One key thing to mention – and I grant that this is such a finicky note on a very good book, but it’s something that is worth mentioning. I’d have welcomed a little more consciousness of the role of the gutter within the book. Some of the double page spreads are beautifully aware of their construction; the ‘armor / la armardura’ one for example sees both figures facing into the middle of the book, mirror images of one and another and thus they tie the language down very specifically to both images. Sometimes the colour notes on each one vary, yellow flowers instead of pink, a brown goat instead of a white one, but the construction of these images do not change. There is an inclusion about these spreads. You know that the ‘goat’ on one page is ‘la cabra’ on the other.
Other spreads such as the ‘windmills / los molinos de viento’ see two separate images without this mirror construction; ‘windmills’ has a bigger windmill to the left of it and then one smaller to the right, whilst ‘los molinos de viento’ has a smaller windmill to the left and a bigger one to the right, thereby matching the stylistics of the previous page, but not the mirror images of the other spreads.

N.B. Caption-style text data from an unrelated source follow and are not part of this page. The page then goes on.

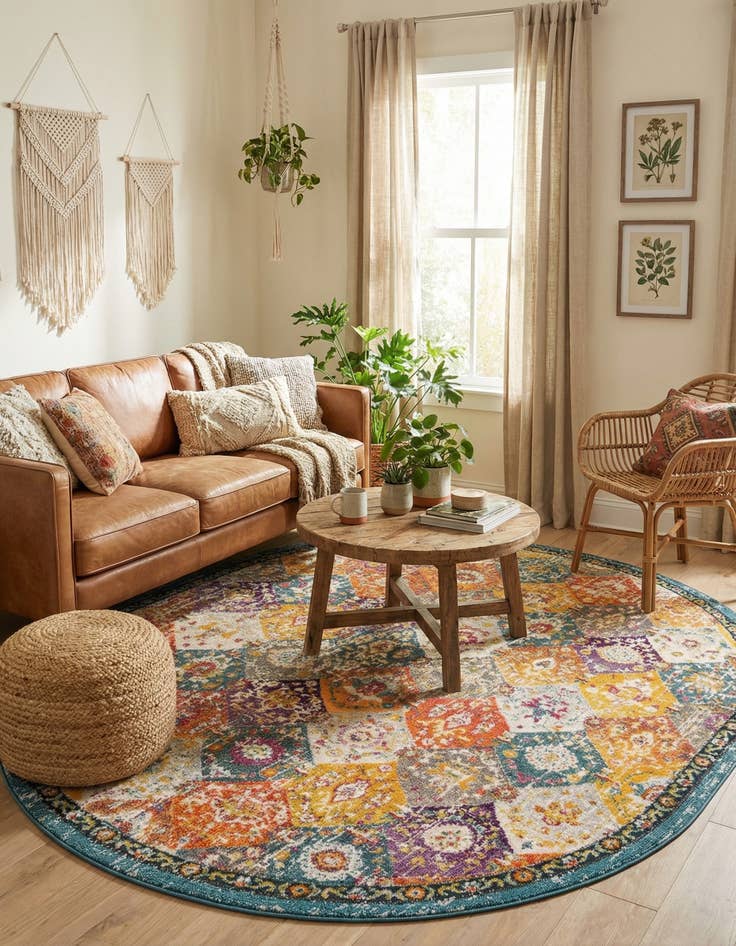 Detail image of 7' 10 x 10' Carrington Oval Rug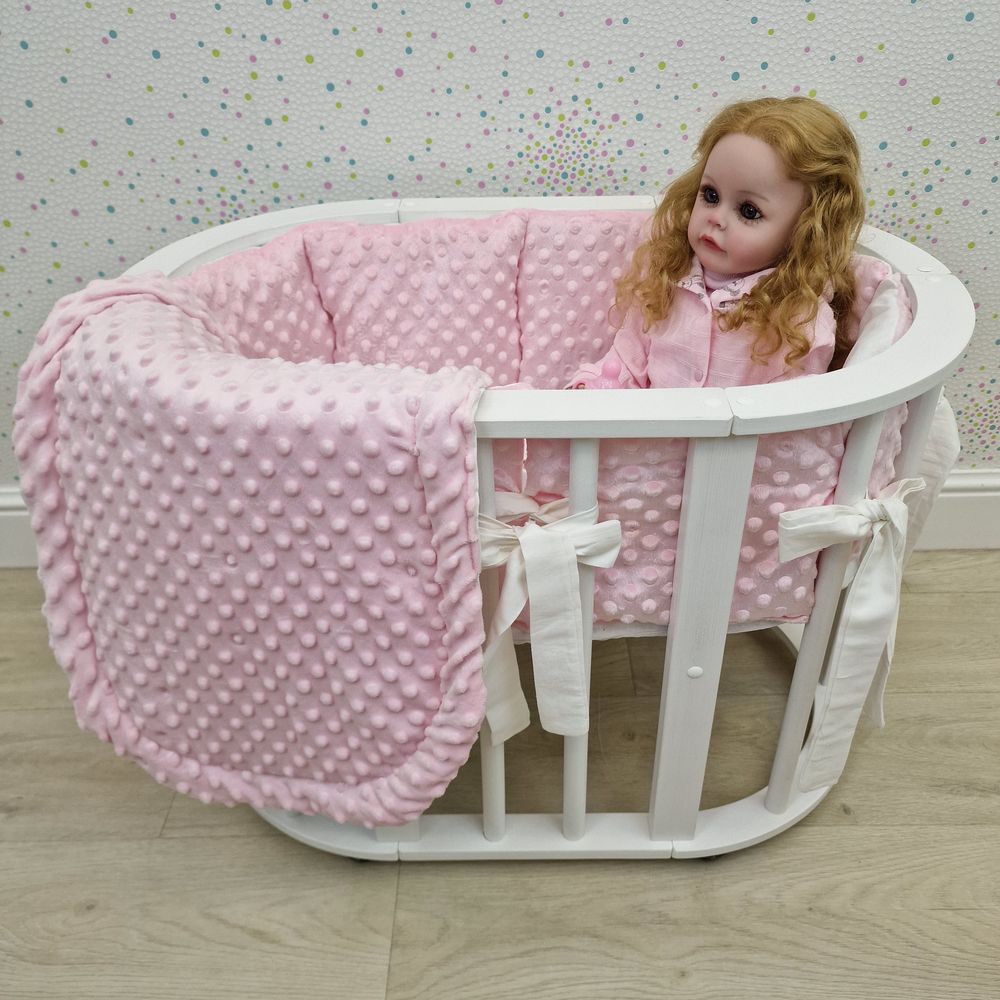 Пеленка для новорожденного с кружевами (бязь) артикул анонс КуклКПБ4_56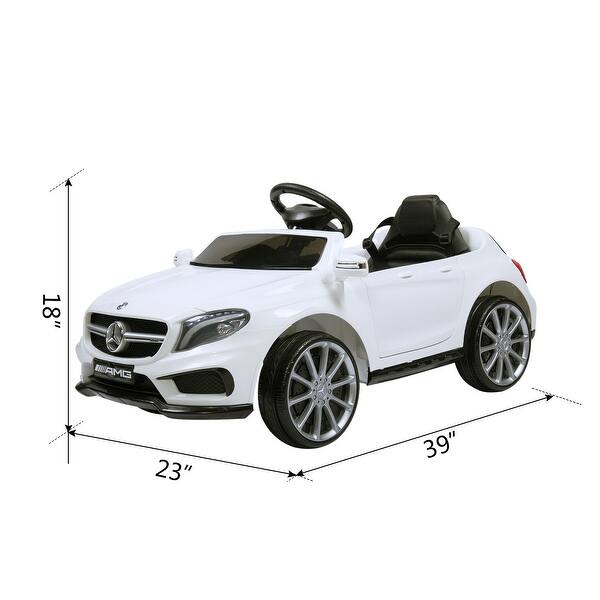 dimension image slide 1 of 2, Electric 6V Mercedes-Benz AMG Kids Ride-On Car with Parental Control, MP3 Player, and Opening Doors, Perfect Gift for Ages 3-8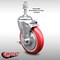 Service Caster 5 Inch SS Red Polyurethane Swivel 10mm Threaded Stem Caster with Brake SCC SCC-SSTS20S514-PPUB-RED-TLB-M1015 - alternate 3
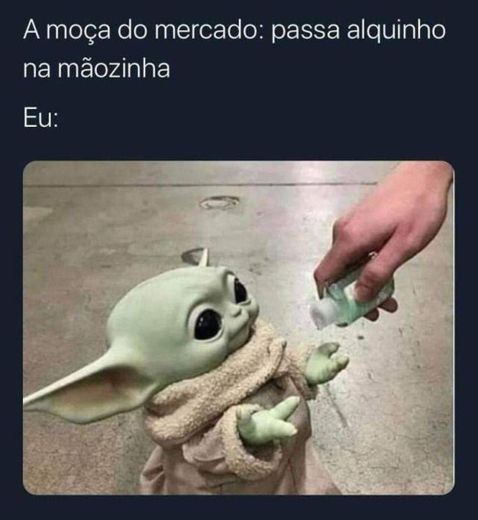 Passa alquinho na mãozinha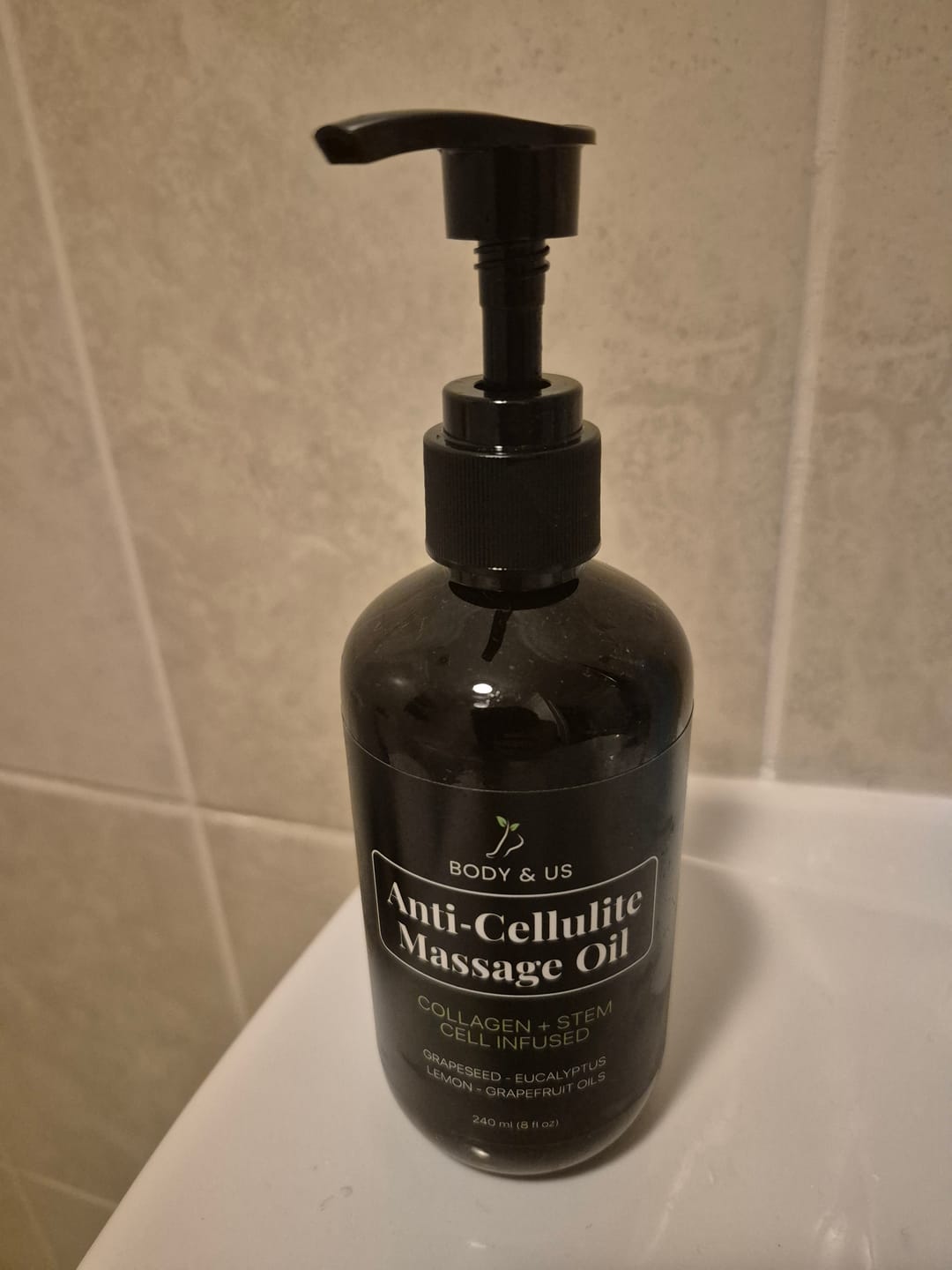 Customer photo review of Body For Us Anti-Cellulite Massage Oil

It’s a very finicky note in a rather lovely book but things like this matter within a language primer, particularly for this age. Are you telling the children that windmills are image a) or image b) ? (And particularly, with something potentially quite removed from a child’s experience, are you asking them to link the word with the windmill or that windmill, the little one or the big one? And how are you asking them to engage with this page – where do you want your reader to be, even at this age, at this point in the text? How do you want them travelling over the page? Do you want them to start with one method and then shift to another or not? All questions that, I’m sure, are addressed as part of this lovely series, but they’re all questions that strike me as being centred around issues of construction and concern for readership.
I mention all of this because this is a book very much on its way to being perfect. I love things like this that deconstruct classics and reconstruct them in accessible, fun and contemporary ways. I have never read Don Quixote. I’ve never had the inclination. But right now, I sort of do, and I think that’s one of the massive powers of a book like this. It opens (and re-opens) doors into texts.